I may be “blind” but I have a cute earring!

There aren’t many who don’t dabble in one or four Monty Python classics. The movie yellow beard (1983) features John Cleese in a characteristically subversive role of hilarity. The satirical comedy parody based on the plot of the blackbeard The film (1952, 2006) is a classic. Cleese plays Harvey “Blind” Pew and says at one point, “I may be blind, but I have a nice earring,” to which Commander Clement (played by Eric Idle) says, “I’m not interested in your jewelry, clothes eyes.”

We know, of course, that the sense-deprived disabled person has the ability to compensate through the sharpness (not ‘a tenderness’) of the other senses. Blind Pew has special hearing powers, but his clumsiness in vocal delivery has Clement also in a blind spin as to his meaning, drawing our raucous laughter, of course.

The spiritual bent also revolves around blindness. John Newton wrote amazing grace to the lines of “Once I was blind, but now I see.” Spiritual blindness is a much more excruciating (and much more common) ailment than physical blindness, but it is completely curable. Newton was a cowardly former slave trader with 20,000 souls after him. His spiritual sight, however, gave him the powers of revelation—a heart after God’s—and the revelation of his guilt for sin. An impossible burden to bear without a gracious God to gird the way!

Not only did he see his pitiful acts for what they were, but he saw God’s incredible mercy in the midst of his guilt and shame, further deepening his understanding of a gracious God beyond his comprehension.

However, Jesus and John the Baptist were confronted by the blind Pharisees who, no matter what they saw, were never content to see things beyond their own blatant spiritual blindness: piously alive to God, they were ironically very dead to his Spirit. .

Like children sitting in a marketplace, Jesus says in Matthew 11:16-19, they jeered like spoiled children, preferring the future living Savior, and those who came before him, including John and the Prophets and the Law, to whistling at Dixie , chasing their tales until the cows came home!

And the vast majority of people are like that.

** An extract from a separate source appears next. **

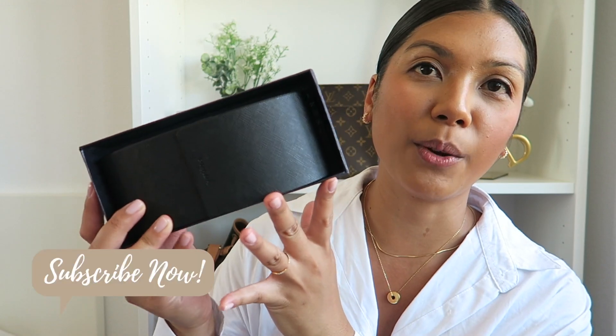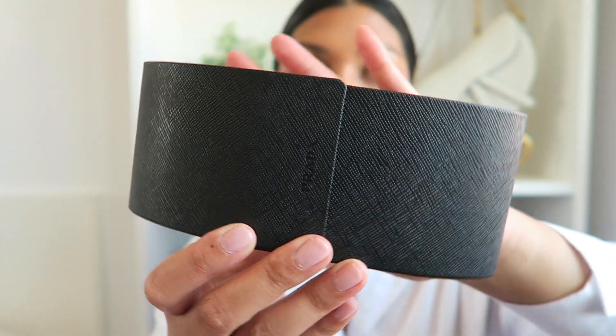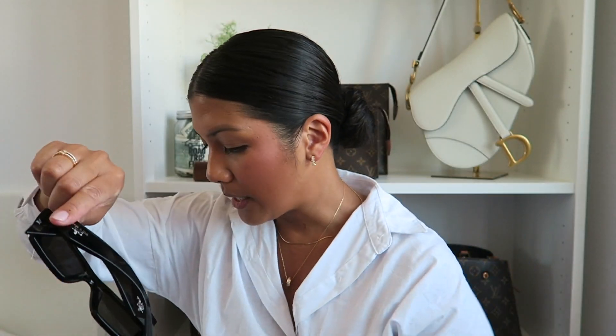Let me show you the sunglasses. They're from Prada. I'm not sure if this is what the packaging looks like when you order from Prada directly, but this is what the case looks like from Sunglass Hut. It comes with a care booklet, a little cleaning cloth, and a hard case. When you open it up, the sunglasses are right inside.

They will prefer the pathetic security of their own irredeemable knowledge about the truth of life and the wisdom of Creation.

Those who do, that is, those who choose spiritual blindness, whether they are ‘saved’ or not, are only deceiving themselves. ‘Repent, for the kingdom of God is at hand’ is, however, our constant spiritual indicator of success with God.

Those who were blind but can now truly see will truly see themselves: sinners, saved by God for works according to his purposes, saved to love God and humanity, and to continually give of themselves, walking humbly with their God (Micah 6: 8) every day, in close relationship with his Spirit.

Spirit sight can be blindingly terrifying in some respects, but it is infinitely better life than the old excuse to live, which ironically was not to live. spiritual sight is vision beyond the very superficial and linear world of first sight. It is a dynamism that creates in us the ability to even begin to contemplate eternity, a thought too amazing to even contemplate at its best.